Fans of Culling Culture’s prog metal complexities will need little time to calibrate to the new landscapes of Negative Energy. Vexed dispense with the technical side of their music in favour of a hard-hitting barrage of anger for most of this LP, yet it feels like a natural evolution. Vocalist, Megan Targett, is the clear winner from this internal division of labour in the band, with her lyrics taking precedence over everything else. And she has alot to say. The Korn-meets-Meshuggah bowel ruptures of ‘Anti-Fetish’ will strike you down like a pulmonary contusion. Here, Megan aims her ire at the gatekeepers and cynics that reject the band for being yet another in a long line of female-fronted upstarts. “But we’re not here to feed your fetish/ Don’t you look pathetic/ We’re not interested in your bullshit/ I’m bored, this ain’t a competitive sport.” It’s true that there’s no quota for the number of metal bands with female singers, and it makes no sense to compare them based on gender alone. The way she delivers these words in an automatic-fire sequence to match the swerving eight-string guitars should be a competitive sport. Few would outperform her in this regard.

“What have Vexed become?” is one of the questions that will persist throughout the listening experience. This is not deathcore. It’s not djent. You wouldn’t call it metalcore. The riffs are too dexterous to be nu metalcore. Yet Willem Mason-Geraghty’s drum grooves could fit into all the said categories. ‘We Don’t Talk About It’ thrives on a monstrous Alpha Wolf drop, but the band show once more how far advanced they are compared to their contemporaries when it comes to writing a meaningful anti-anthem chorus. You don’t punch your fist in the air to stanzas like, “I apologise/ I think I’ve said too much/ I’m so sorry I could not keep my mouth shut/ Please just try and see this from my point of view.” Childhood trauma will break your spirit if you keep it hidden away. Megan knows this only too well and holds nothing back in the candour of her lyrics.

The song-writing approach in the first eight songs is simple. Pound the listener into submission with monstrous drop-tuned grooves and flay them with unrepentant words of truth. ‘X my <3 (Hope to Die)’ and ‘Extremist’ take aim at the hypocrisies of organised religion. The former challenges the level playing field of original sin. The latter retains an admirable will to see the other side of the argument: “I will fight for what you believe in and your right to practise religion/ But when you use it as ammunition, that’s when you take away our right to freedom.” Imagine these words fed through the breech-loader of a Big Bertha siege gun. You get the picture.
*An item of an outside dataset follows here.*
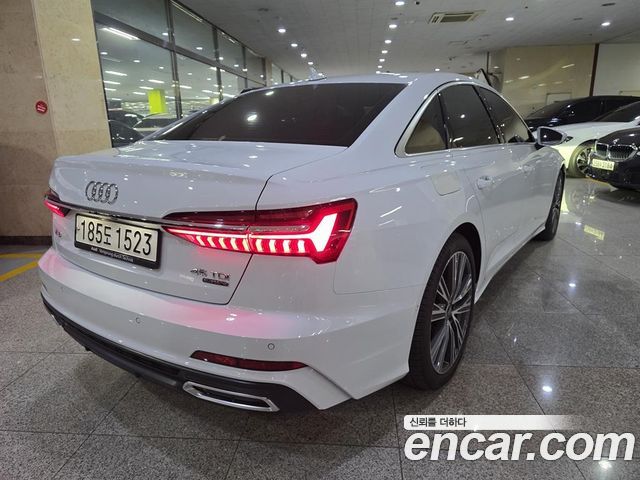 Audi A6 2022 — photo 3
A strangulating mood of claustrophobia haunts Negative Energy like a sequel to Korn’s Life is Peachy. Back in the day, that record sounded like an imprisonment of the mind with no hope of recovery. The same despair purveys through Vexed’s songs up until the first hint of melody at track number ten, where the double-header of ‘Trauma Euphoria’ and ‘It’s Not the End’ retrace the sorrowful footsteps of the first album. It’s surprising how little Megan uses her melodic voice on this record. The chorus in the latter marks it as a clear follow up to fan-favourite, ‘Aurora’, from Culling Culture. Anyone who has lost a close friend or relative will know the meaning of the lyrics to the latter. Megan lost her beloved grandfather in 2021. ‘It’s Not the End’ is her way of saying goodbye and remembering him. “All my greatest moments/ You were right there by my side/ No matter what it took to get there/ You’d make the sacrifice/ Watching you deteriorate whilst putting on the bravest face broke my heart in a million ways.” Those of you that felt lost after a recent bereavement experience (like this reviewer) can find comfort in these words.

We probably don’t give lyrics the importance they deserve in metal. Vexed are like Venom Prison – you can’t wait to open the lyric booklet when the new album arrives in your hands. Yet we should not overlook the stellar projections of guitar on this LP. Jay Bacon inserts technical scale fills and divebomb effects in the few moments where his instrument can find oxygen. His slamming palm-muted techniques in ‘Panic Attack’ will leave you with a stress fracture. The colourful guitar solo at the end of ‘Trauma Euphoria’ reminds you why this band are a favourite of the Tech Fest scene.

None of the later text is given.